A big part of Hougaard's turnaround can be attributed to the Springboks' tactical shift to a more expansive approach. This shift, in my understanding, was largely designed to maximise rookie flyhalf Handré Pollard's ball-carrying and distribution skill. Hougaard, who got his break thanks to injuries to Fourie du Preez and Ruan Pienaar, benefited inadvertently and took advantage of the new playing style.
For around a year I have pleaded through this platform for Hougaard to have less tactical-kicking responsibility and for him to have a broader attacking directive. I had a strong suspicion that he would be a far more formidable player if allowed to express his natural instinct, and that suspicion (I certainly wasn't alone in this view) was proved to be right when I watched him at Newlands and Ellis Park in the Rugby Championship.
However, if he hopes to have a long Springbok career (he has already played 32 Tests) he has to exhibit a degree of tactical versatility, especially in testing northern hemisphere conditions. With Pienaar still battling to recover from his knee injury, Hougaard is likely to start against Ireland in Dublin on Saturday. Rain and wind is predicted during the Test and these conditions would demand that the Springboks temper their newly adopted expansive approach. In practice this would mean their halfback pairing (and fullback to a lesser extent) would be required to gain the Springboks a territorial advantage through accurate tactical kicking. Hougaard's ability to do so effectively against a very good Ireland side will be under the spotlight.

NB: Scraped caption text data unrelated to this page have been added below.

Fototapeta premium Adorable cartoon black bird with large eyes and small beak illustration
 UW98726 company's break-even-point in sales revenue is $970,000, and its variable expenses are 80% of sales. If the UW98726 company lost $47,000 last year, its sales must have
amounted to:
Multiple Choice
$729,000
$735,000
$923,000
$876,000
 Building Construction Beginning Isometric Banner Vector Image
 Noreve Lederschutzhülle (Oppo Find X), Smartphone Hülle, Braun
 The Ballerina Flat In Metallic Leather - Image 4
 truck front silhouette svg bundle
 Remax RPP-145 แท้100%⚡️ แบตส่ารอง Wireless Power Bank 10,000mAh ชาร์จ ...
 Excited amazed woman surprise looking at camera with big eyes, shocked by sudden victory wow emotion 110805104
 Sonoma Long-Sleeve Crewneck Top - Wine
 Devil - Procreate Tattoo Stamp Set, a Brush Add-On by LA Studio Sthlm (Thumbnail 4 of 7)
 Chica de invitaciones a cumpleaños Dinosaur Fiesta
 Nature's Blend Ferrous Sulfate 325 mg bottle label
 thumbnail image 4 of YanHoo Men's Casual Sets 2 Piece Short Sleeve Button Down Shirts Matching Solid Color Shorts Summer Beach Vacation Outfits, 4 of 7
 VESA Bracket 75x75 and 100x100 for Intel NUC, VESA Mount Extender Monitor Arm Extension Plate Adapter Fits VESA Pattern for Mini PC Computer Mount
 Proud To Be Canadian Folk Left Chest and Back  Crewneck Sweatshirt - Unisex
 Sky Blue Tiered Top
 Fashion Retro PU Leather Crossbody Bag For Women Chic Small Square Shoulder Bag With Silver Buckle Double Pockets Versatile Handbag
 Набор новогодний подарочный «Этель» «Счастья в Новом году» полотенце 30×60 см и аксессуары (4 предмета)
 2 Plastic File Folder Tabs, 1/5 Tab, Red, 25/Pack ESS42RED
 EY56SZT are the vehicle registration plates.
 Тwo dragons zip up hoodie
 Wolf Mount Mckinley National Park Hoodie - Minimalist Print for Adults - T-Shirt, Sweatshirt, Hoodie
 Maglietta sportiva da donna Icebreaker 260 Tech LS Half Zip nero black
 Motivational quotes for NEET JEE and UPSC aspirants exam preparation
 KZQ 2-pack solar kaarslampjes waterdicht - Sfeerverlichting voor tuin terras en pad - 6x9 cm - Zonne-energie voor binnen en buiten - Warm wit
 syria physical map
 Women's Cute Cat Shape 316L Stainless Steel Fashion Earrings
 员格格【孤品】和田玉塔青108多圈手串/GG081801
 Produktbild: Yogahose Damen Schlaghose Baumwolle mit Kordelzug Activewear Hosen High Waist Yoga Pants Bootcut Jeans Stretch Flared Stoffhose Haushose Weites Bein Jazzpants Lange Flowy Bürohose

No absolute conclusions can be drawn on Hougaard until we establish his tactical versatility. This is not to say that we should expect him to have the same level of competence in this regard as Du Preez, only that he would have to dial back from 9 or 10 on his attacking play to show that he can operate at a 6 or 7 if required to. And how Hougaard fares tactically on this tour will give us greater insight into his suitability for the World Cup squad.